Which is the real Hoskins? The Hoskins of the majority of his time at Millmoor or the Hoskins who scored the wonderful goal against Forest? Think back to his perfomance against Bristol. The over-elaboration was back, the "smart-alec" flicks as opposed to the solid basics. Physically dominated by his marker, he dropped out of dangerous positions and preened in deeper-lying positions.

The answer, of course, is that Hoskins could go either way: and here's where things have changed. Ten years ago, this would be the point that he learnt his trade, learnt to cope with bad performances, angular, smothering central defenders, tricky pitches, below-par team performances. Learnt, in short, to treat the twin imposters of success and failure the same. Whereas ten years ago, it would be a surprise if he left this early in his career, now it will be a surprise if he's here on 1 February 2007.

His case is not isolated. Look at Dave Hibbert, signed by Preston after just three first team appearances for Port Vale. Look at Jon Otsemobor, leaving Crewe after 15 good performances. A fundamental change has happened and it is not good for the game.

The lower leagues are no longer regarded as respected breeding grounds for players. Premiership teams are taking youngsters under their wings ever earlier. Ever since Ferguson raided the under-16 side at Torquay for Lee Sharpe and trawled other clubs (a sweep which including taking our own youth team captain, Paul Teather, then making appearances for the reserves and highly rated, now disappeared forever) for the constituent parts of his first great Manchester United side, the Premiership clubs have not been prepared to allow youth players to develop outside of their control.

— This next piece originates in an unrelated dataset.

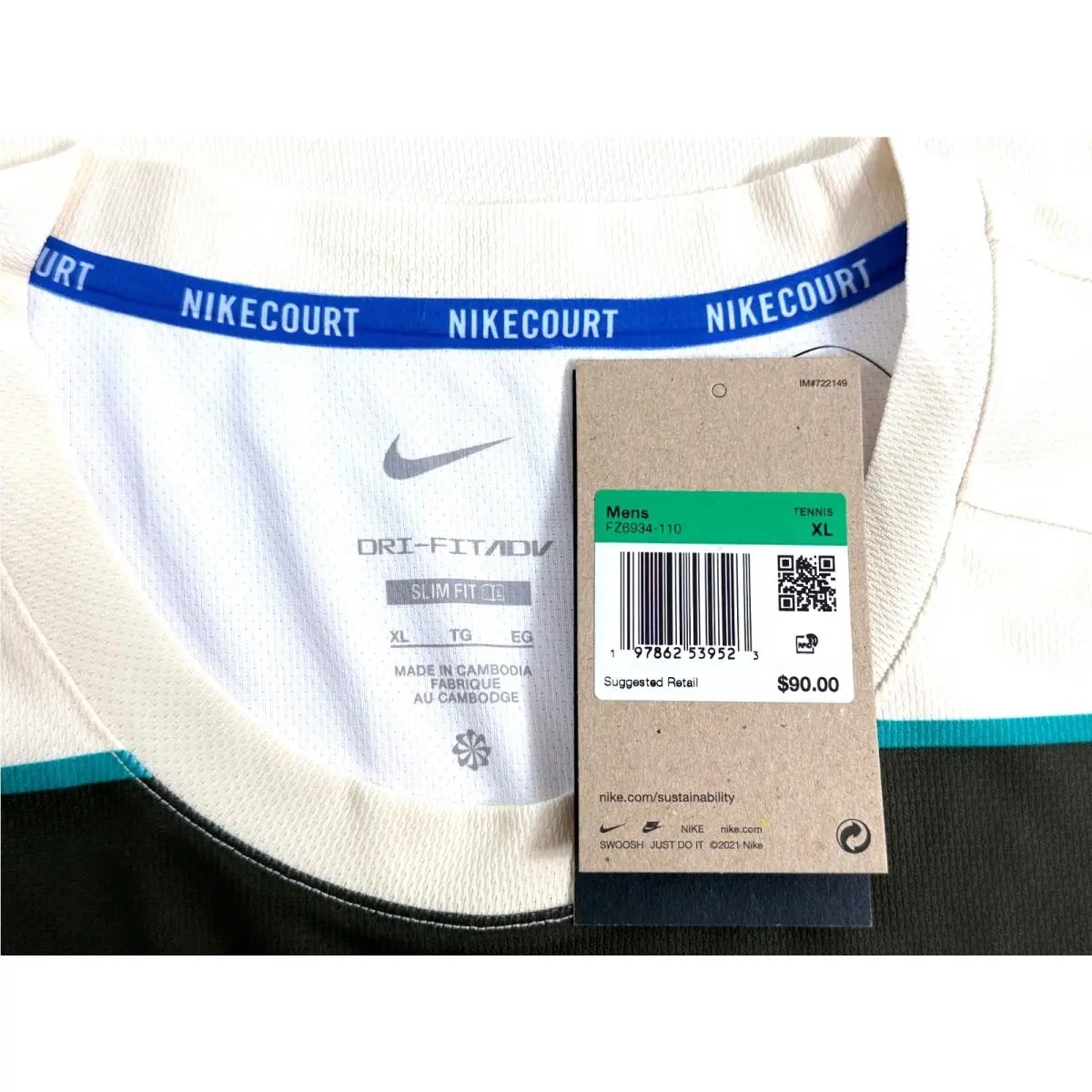 Nike clothing - Nike Dri-Fit - FZ6934-110 - Ivory 4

The latest suggestion from Mourinho that Chelsea's "B" side should play in the football league shows how respect has dropped. Not content with hoarding the talent, he's not prepared to trust it to lower league clubs on loan.

The cry that young players can no longer develop is frightening. There are plenty of opportunities at our level and others, if only clubs were allowed to have the players to work with, develop and sell on.

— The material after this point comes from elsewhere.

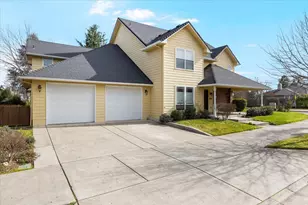 404 Silver Creek Dr, Central Point, OR 97502 - Photo 1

What is fast happening is that players who end up in the youth teams at Rotherham or Scunthorpe or wherever, are already considered failures. Their chances of getting up the leagues are already limited. In that context, seeking to cash in on half a season of good performances is completely understandable: there are fewer and fewer golden tickets.

What this means for us as supporters is more subtle. More and more, clubs are staffed by a combination of players on 2 year deals and loan players from clubs higher up the league. It's increasingly rare for players to sign extensions to contracts, or if they do, see them out. (The most common contract extension is one that sees a player over his 24th birthday, so that he becomes a free agent at the end of it). Most promising players, such as Williamson, leave a club every 18 months or so, unless they find themselves at a club which gains promotion. In other words, it's increasingly the case that squad photo at the start of a season is very different at the end and to see turnover of five or more players each close season.

Today, all player's relationships with clubs are short term. Fans can no longer build the same emotional attachments. Most fans do not think much to footballers and footballers do not hang around long enough for that view to change.

Rapidly, the ties that bind supporters to clubs are being eroded and the fluidity of movement of players is another factor eating away at those links. Any player who's any good will be gone; there's little question of building a squad over time. Everything has to be instant, to work first time. The hope that underpins supporting a team long-term is strained. And once the nature of support changes from a long-term to a short-term thing, the hard-core of support diminishes. There are only so many times that hopes can be dashed.

To be a football supporter is to be a dreamer. Who didn't kick a football against a wall as a kid, imagining it to be the goal at Wembley that saw the Millers lift the FA Cup? What the latest machinations around Hoskins shows is that dreams, for us lower league fans, are increasingly the products of snatched cat naps, not enjoyable, long-term, peaceful rest.